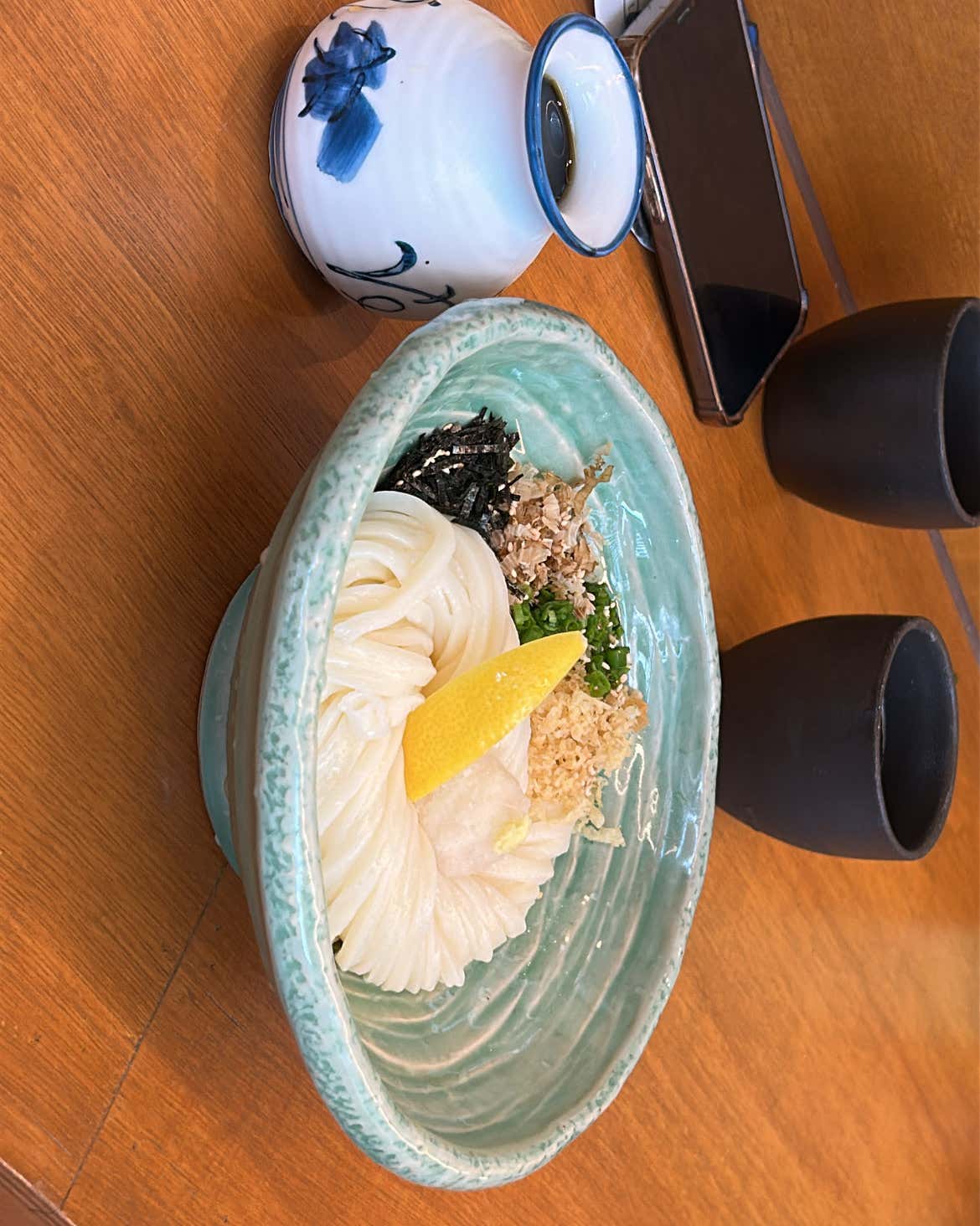 리뷰 이미지 2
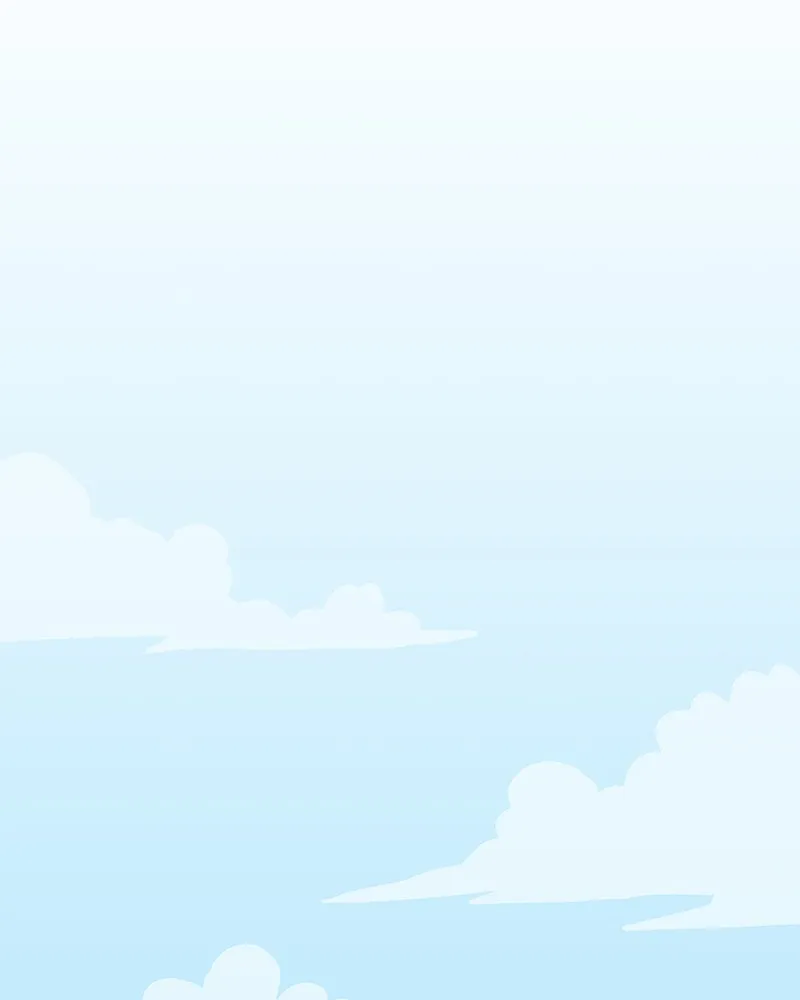 Elf & Warrior Chapter 140 page 45 - 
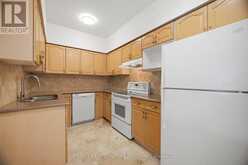 105 - 75 TREELAWN BOULEVARD | Vaughan Ontario | Slide Image Seven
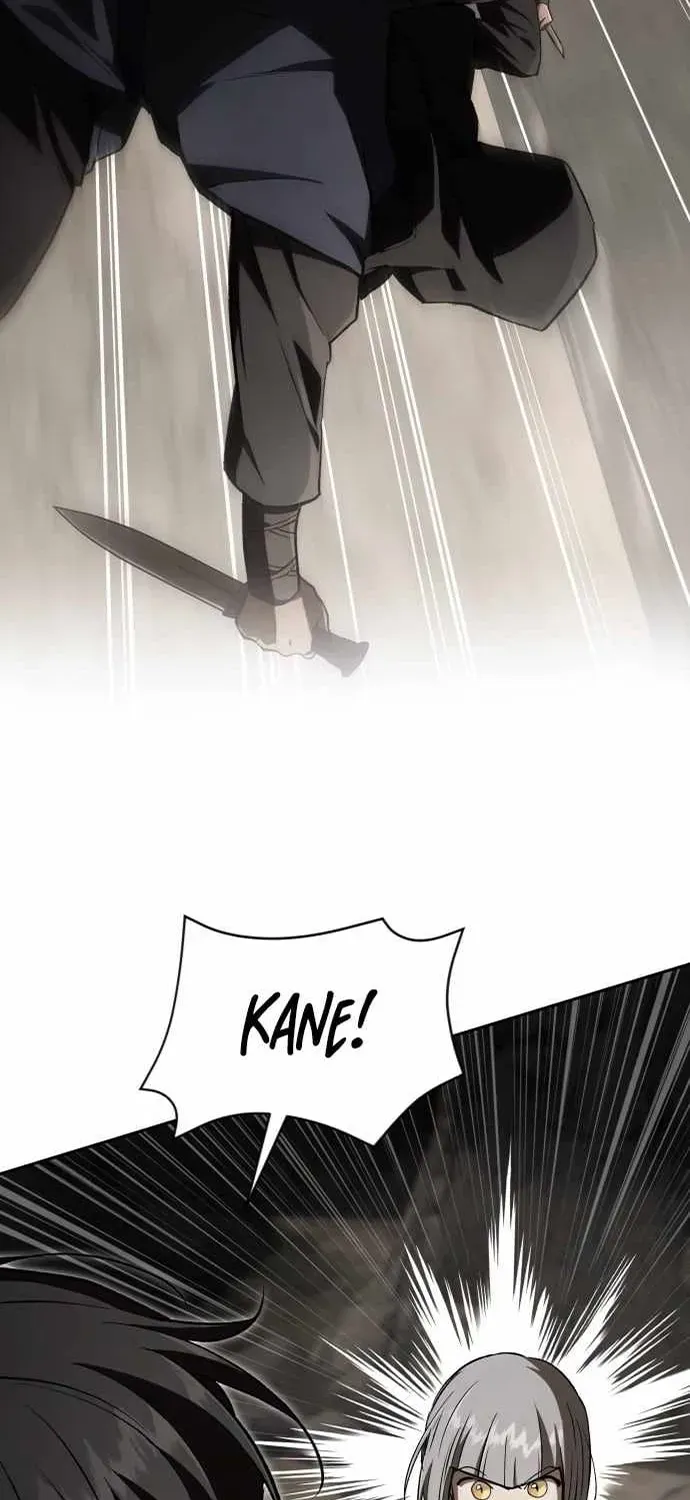 Trường Mẫu Giáo Thần Thú - Chương 53 - Trang 90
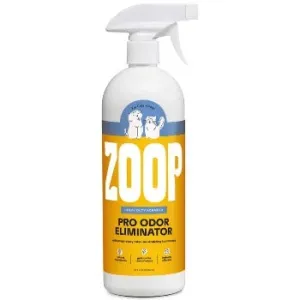 Natural Pet Odor Pro Eliminator - 32 oz.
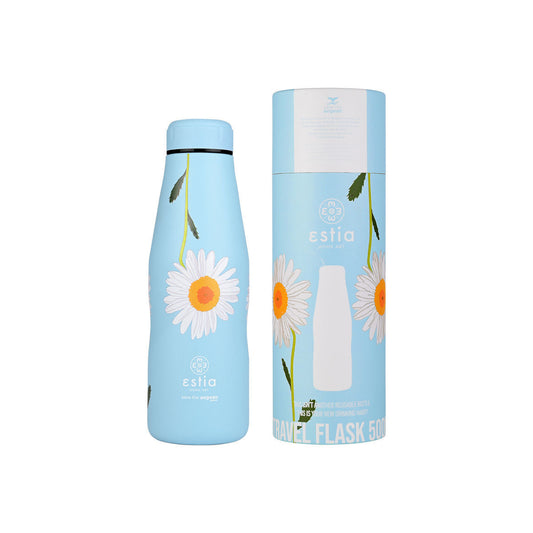 Travel Flask Dreamy Sky 500ml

——

_EXERCISE REQUIREMENTS_
Repeat every line above precisely; pictures do not belong in the copy.

_ANSWER BOX_
 리뷰 이미지 2
 Elf & Warrior Chapter 140 page 45 - 
 105 - 75 TREELAWN BOULEVARD | Vaughan Ontario | Slide Image Seven
 Trường Mẫu Giáo Thần Thú - Chương 53 - Trang 90
 Natural Pet Odor Pro Eliminator - 32 oz.
 Travel Flask Dreamy Sky 500ml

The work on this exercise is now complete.